- Exercise prompt -
Take the records below and set down exactly the lines from the one with "Advantage Chevrolet Hodgkins" to the one with "Option one, the", ends included; do not copy the pictures.

- Supplied material -
▶

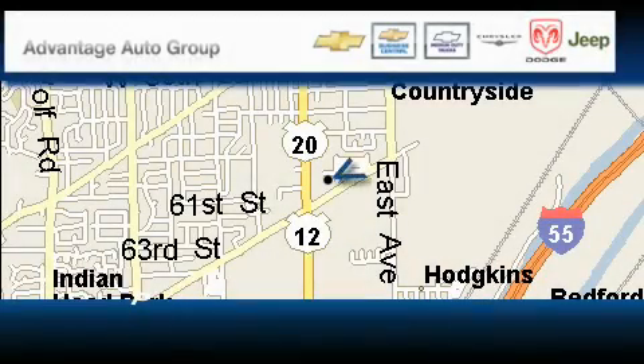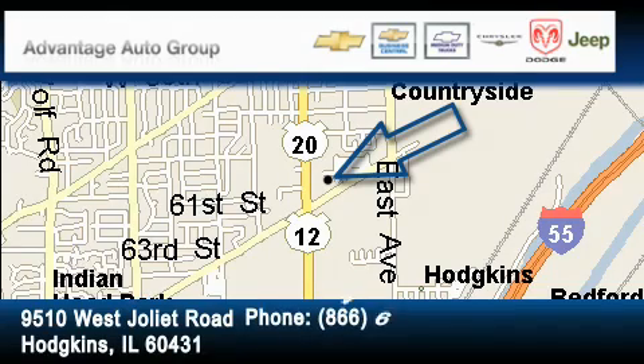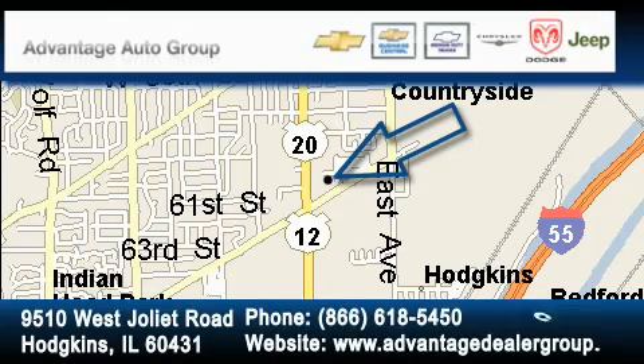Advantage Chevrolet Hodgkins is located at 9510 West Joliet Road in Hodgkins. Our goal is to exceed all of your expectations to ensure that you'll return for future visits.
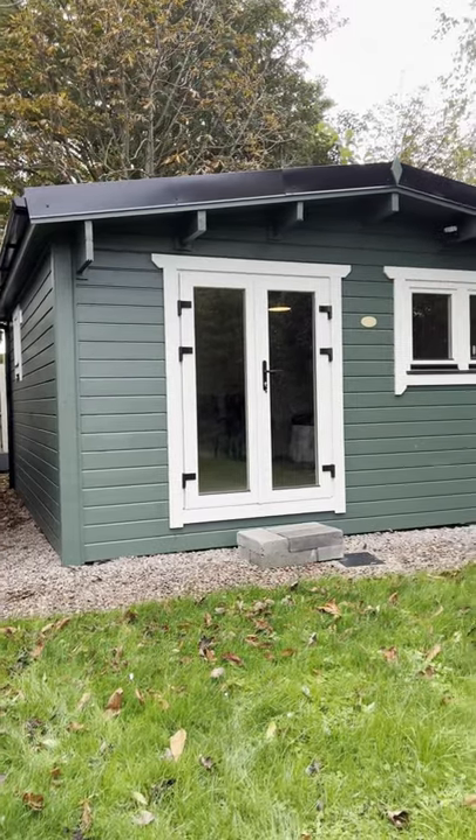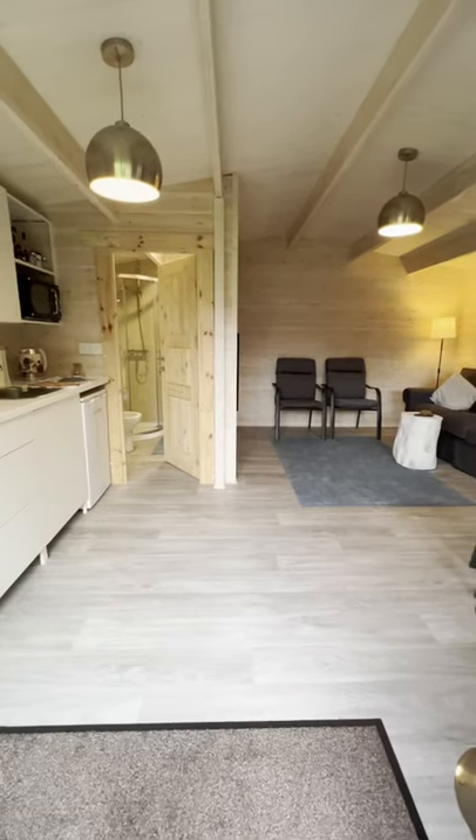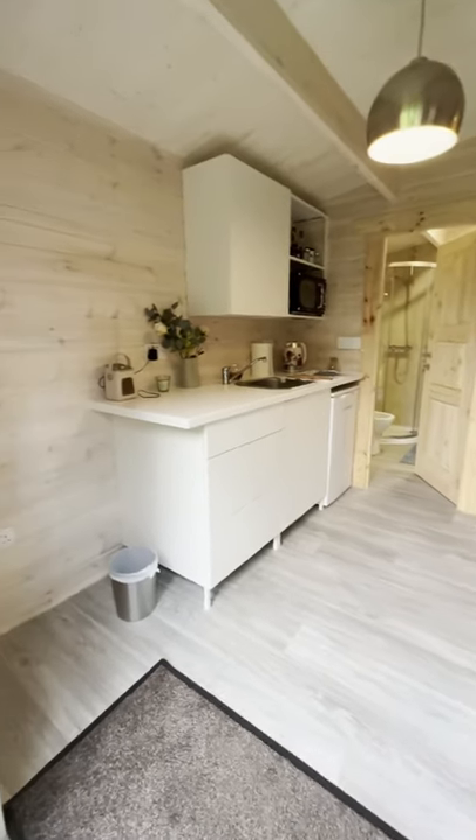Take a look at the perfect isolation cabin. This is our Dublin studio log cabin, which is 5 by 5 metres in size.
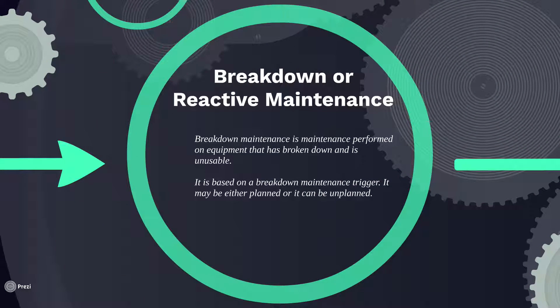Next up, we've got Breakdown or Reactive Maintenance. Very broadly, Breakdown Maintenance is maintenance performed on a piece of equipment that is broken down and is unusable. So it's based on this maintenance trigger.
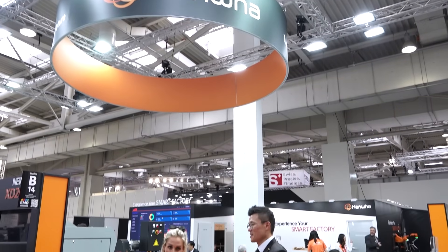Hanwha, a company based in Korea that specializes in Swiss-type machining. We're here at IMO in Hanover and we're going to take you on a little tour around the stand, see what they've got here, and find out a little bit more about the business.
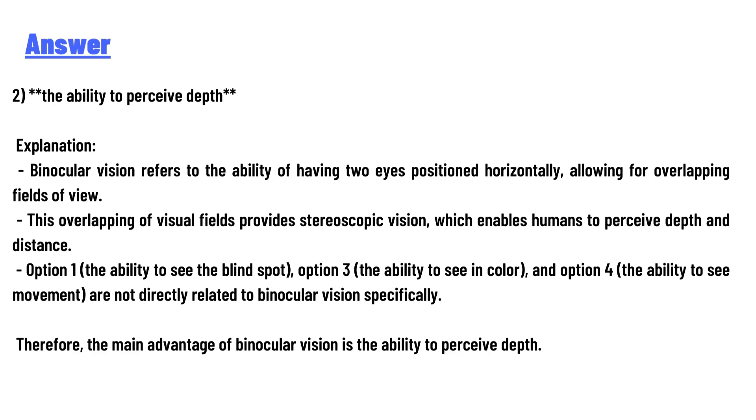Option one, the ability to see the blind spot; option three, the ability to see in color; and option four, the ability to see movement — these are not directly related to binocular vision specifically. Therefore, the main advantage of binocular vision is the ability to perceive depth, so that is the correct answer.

◀
▶

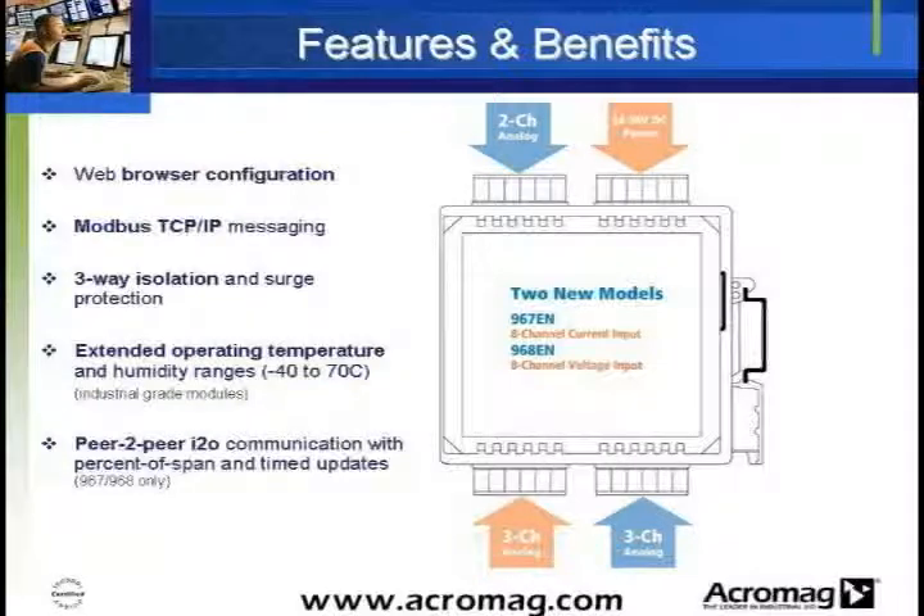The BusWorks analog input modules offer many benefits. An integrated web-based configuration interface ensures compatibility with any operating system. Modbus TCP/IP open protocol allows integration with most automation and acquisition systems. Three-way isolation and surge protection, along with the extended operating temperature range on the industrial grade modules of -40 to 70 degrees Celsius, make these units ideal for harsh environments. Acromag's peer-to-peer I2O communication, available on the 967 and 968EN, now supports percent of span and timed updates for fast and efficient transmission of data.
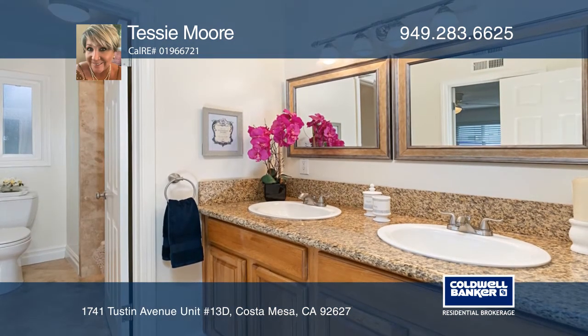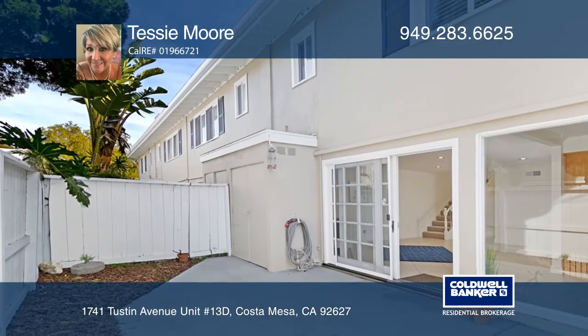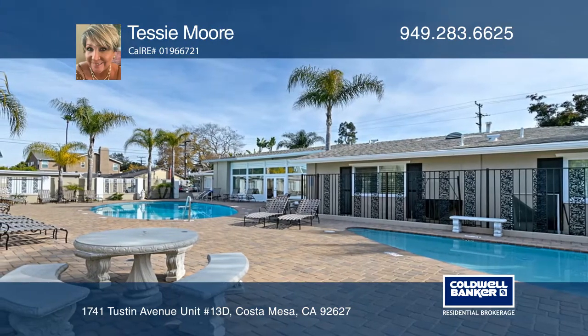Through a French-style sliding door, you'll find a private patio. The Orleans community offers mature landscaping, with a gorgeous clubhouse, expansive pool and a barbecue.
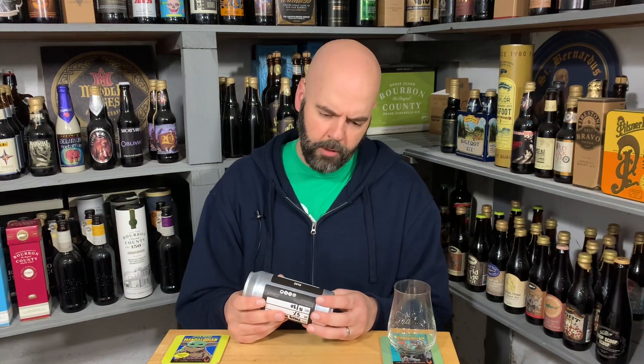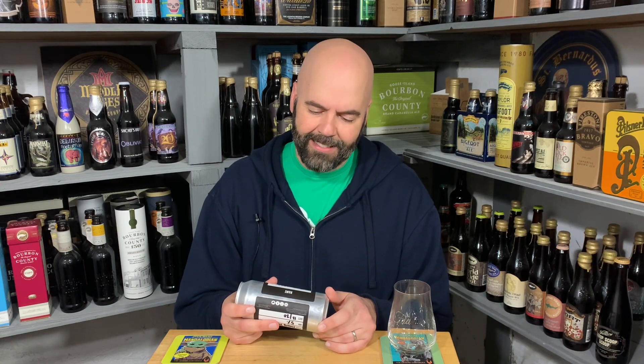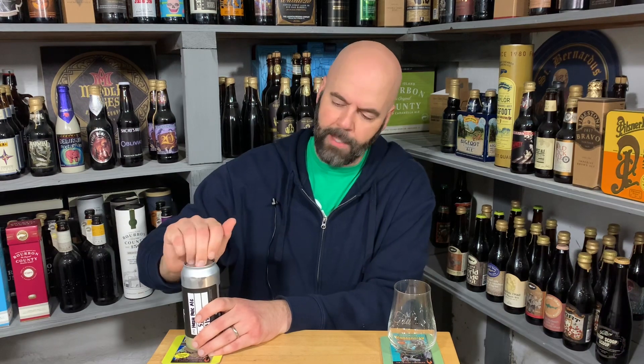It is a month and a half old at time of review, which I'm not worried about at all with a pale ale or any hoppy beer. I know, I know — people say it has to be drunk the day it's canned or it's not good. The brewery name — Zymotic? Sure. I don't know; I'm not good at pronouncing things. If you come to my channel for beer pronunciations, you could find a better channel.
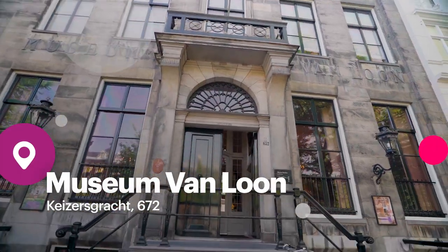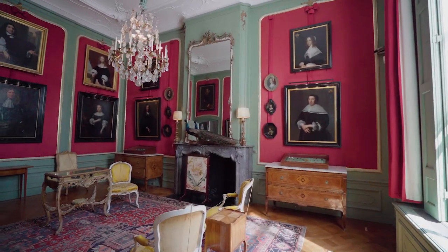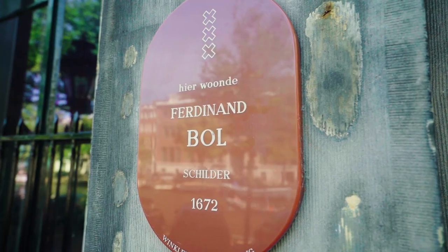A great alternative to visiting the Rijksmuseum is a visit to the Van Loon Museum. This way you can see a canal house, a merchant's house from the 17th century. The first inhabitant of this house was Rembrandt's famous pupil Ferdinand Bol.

◀

- Exercise result -
Advantage Chevrolet Hodgkins is located at 9510 West Joliet Road in Hodgkins. Our goal is to exceed all of your expectations to ensure that you'll return for future visits.
Take a look at the perfect isolation cabin. This is our Dublin studio log cabin, which is 5 by 5 metres in size.
Next up, we've got Breakdown or Reactive Maintenance. Very broadly, Breakdown Maintenance is maintenance performed on a piece of equipment that is broken down and is unusable. So it's based on this maintenance trigger.
Hanwha, a company based in Korea that specializes in Swiss-type machining. We're here at IMO in Hanover and we're going to take you on a little tour around the stand, see what they've got here, and find out a little bit more about the business.
Option one, the ability to see the blind spot; option three, the ability to see in color; and option four, the ability to see movement — these are not directly related to binocular vision specifically. Therefore, the main advantage of binocular vision is the ability to perceive depth, so that is the correct answer.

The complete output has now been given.